* [ENTRIES SHOWN]
**********

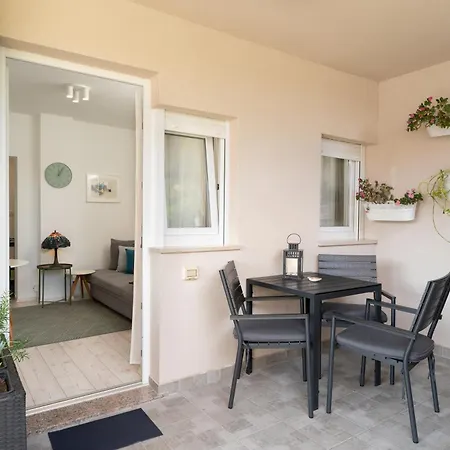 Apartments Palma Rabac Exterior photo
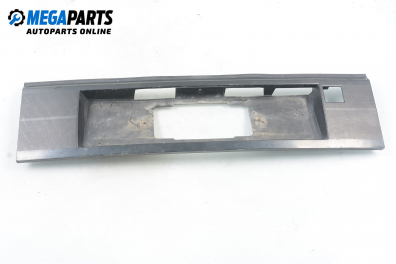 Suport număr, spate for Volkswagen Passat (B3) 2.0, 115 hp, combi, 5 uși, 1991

**********

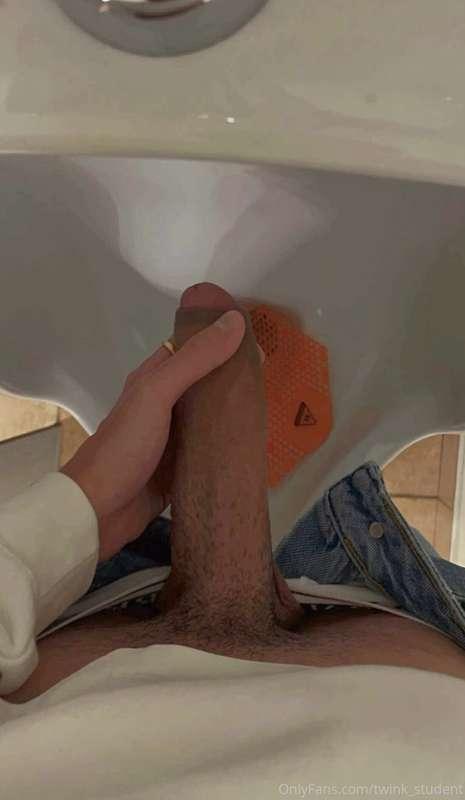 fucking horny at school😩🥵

**********

* [PROBLEM TO WORK ON]
Going by the entries above, repeat exactly the lines that start at the line with "Apartments Palma Rabac Exterior photo" and go on through the line with "Suport număr, spate". Pictures are not part of the copy.

* [TASK RESULT]
 Apartments Palma Rabac Exterior photo
 Suport număr, spate for Volkswagen Passat (B3) 2.0, 115 hp, combi, 5 uși, 1991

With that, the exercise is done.